I like this paragraph because it exposes a significant part of the soft underbelly of what might, for convenience's sake, be called architecture's ongoing 'classism'. The 'racism' of Western architecture has already rendered substantial irreparable damage, i.e., first via colonialism, and then via the International Style, and now architecture 'classism', which Holl provides a glimpse of so succinctly, is practiced as well as highly sanctioned. If it hasn't already happened, I think it's time someone started writing an 'equal-rights amendment' for architecture.

2001.07.23 11:57
Koolhaas reenacting Kahn/Tyng?
There is an striking resemblance between the Koolhaas/OMA Seattle Public Library and Louis Kahn's and Anne Tyng's Municipal Administrative Building project from 1956-57, a designed for downtown Philadelphia.

Could it be that Koolhaas has moved on from reenacting late unbuilt Le Corbusier and American Mies, and is now finding inspiration in early unbuilt Kahn?
And, what's the next big inspiration, maybe early unbuilt Venturi & Rauch?

11. cloning - is this exactly what makes reenactment a topical issue now?

2001.09.09 14:09
Re: seagram's building
When I read the questions regarding the Seagram's building, I thought about the difference between the 'images' and the 'reality'. In this particular case, the reality is what R. saw yesterday when he rode all around the Seagram's building, and the images, which are all at a remove from the reality, are what is currently exhibited at MoMA/Whitney, plus the long published pictures in books and magazines, and the (iconic) images of Mies and his buildings that are taught to varying degrees in architectural history and design classes.
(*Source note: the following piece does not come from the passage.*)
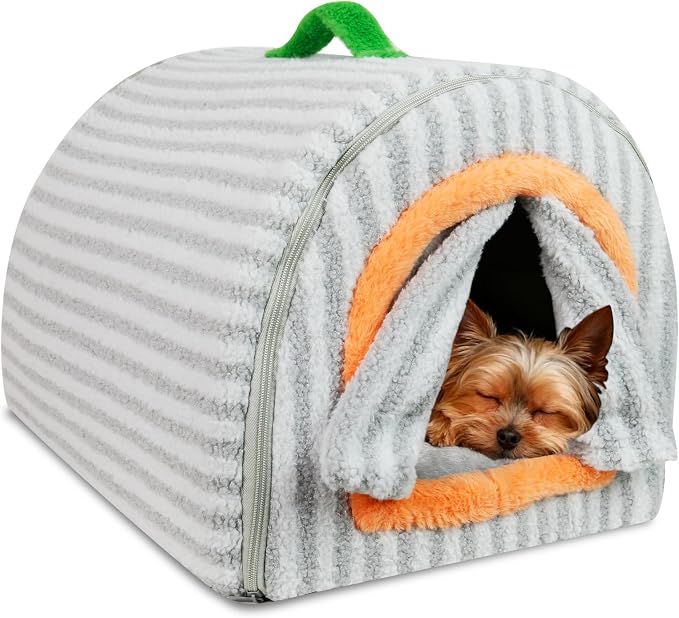 Dog House Indoor for Small Dogs, Grey, Medium | 2-in-1 Enclosed Dog Bed with Cover Cave & Curtain, Dog Tent with Plush Washable Cushion, Inside Dog House for Pets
To some extent, this issue of disparity between (architectural) reality and how (architectural) reality is presented has already been discussed, or at least noted, here at architecthetics.
So which is the most valuable aesthetic when it comes to architecture?
Is 'what a building really is' that which is most valuable in terms of being the harbinger of architectural aesthetics?
Is the real harbinger of aesthetics the way in which architecture is presented (which is largely separate from the building itself)?
Is architectural aesthetics really only that non-tangible (or at least non-built) apparatus that sets up the presentation (of the image) and in turn more or less subliminally sets up the platform of appreciation within the minds of those receiving the image?

2001.09.18 12:10
Re: Is your tie straight?
In brief, beyond Villa Savoye and Marsailles, the 'box on pilotis' motif re-occurs in the upper middle section of the Governor's Palace for Chandigarh, and later within the also unexecuted design for the Palais des Congrès à Strasbourg (1964). There are several minor examples as well. It is surely a design approach that Le Corbusier continually re-worked throughout his career, thus I see it as a more consistant application of "theory".

2001.09.18 14:45
Re: LC 2 (addendum)
In Oeuvre Complète vol 7, p. 153, in the section on the Palais des Congrès, there is a curious reference to one of the peripherial buildings to the Palais--'6. Hotel 226x226 sur pilotis de 5 m'. The 226x226 dimension is the same one used when describing the metal "erector set" system of the Maison l'Homme. I've since always wondered if at that point LC was considering having the metal system of "boxes" also raised on pilotis. If so, it would be an interesting "exception."
I also confer to what you relate about the "evil earth"--this adds much to the box raised on pilotis "theory".
The Church at Firminy-Vert is an interesting example in that the upper "box" is designed as a square the "morphs" into a circle while "ascending". When I was constructing Quondam's computer 3d model of Firminy, I was indeed struck by what the lower levels (beneath the church proper) were composed of, essentially a grid of rooms.